Short text fragments from websites
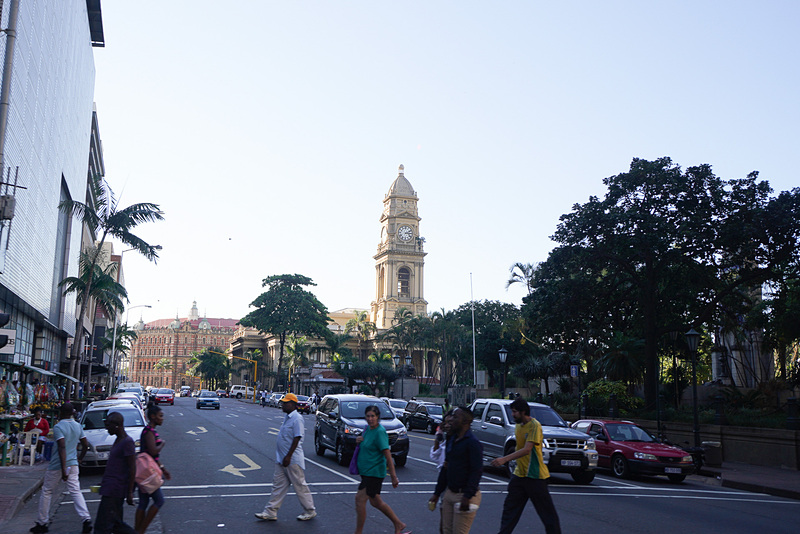 モスクの塔が見える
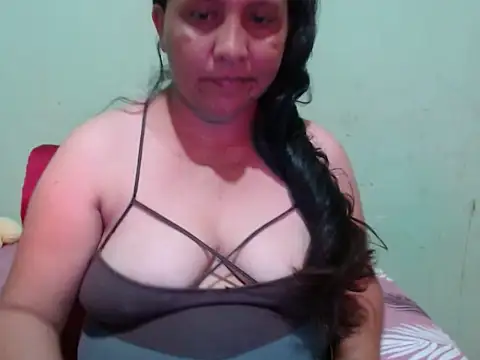 Snapshot of sonia__milk chatting on 17, 1, 2026 sonia milk online show from 17, 1, 2026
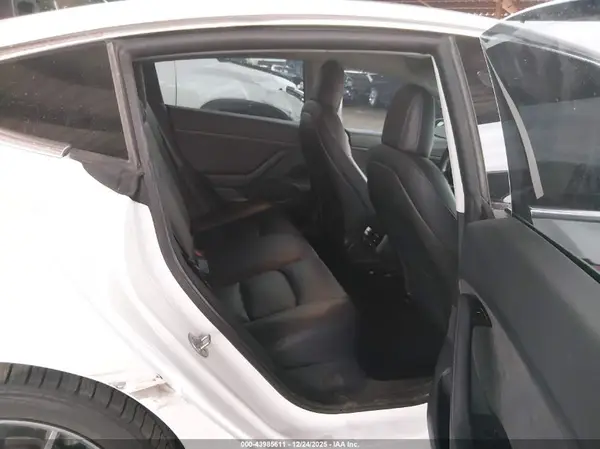 5YJ3E1EA2LF645180 2020 TESLA MODEL 3 - Image 8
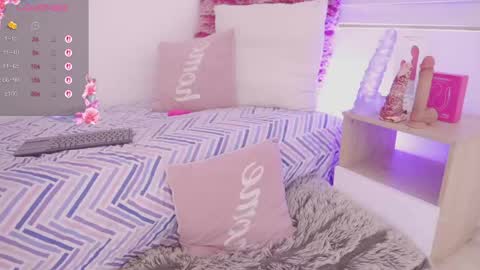 Snapshot of hade_collinss chatting on April 15, 2026, 8:20 pm Hade online show from April 15, 2026, 8:20 pm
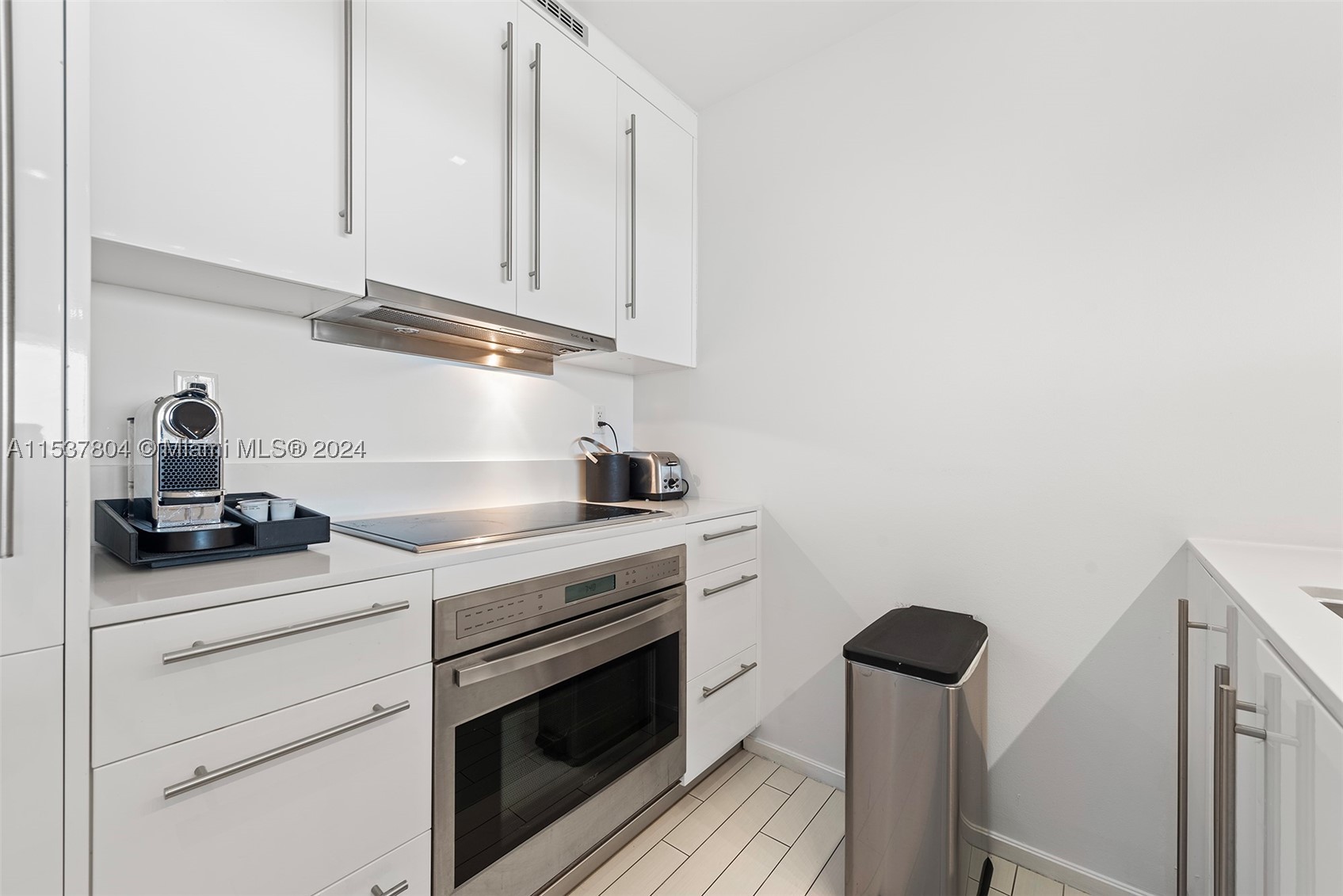 2201 Collins Ave #814, Miami Beach FL 33139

→ The task:
Beginning with the first line of the records, write out every line up to and including the one with "Snapshot of hade_collinss", exactly, and omit all pictures.

→ Solution to this exercise:
 モスクの塔が見える
 Snapshot of sonia__milk chatting on 17, 1, 2026 sonia milk online show from 17, 1, 2026
 5YJ3E1EA2LF645180 2020 TESLA MODEL 3 - Image 8
 Snapshot of hade_collinss chatting on April 15, 2026, 8:20 pm Hade online show from April 15, 2026, 8:20 pm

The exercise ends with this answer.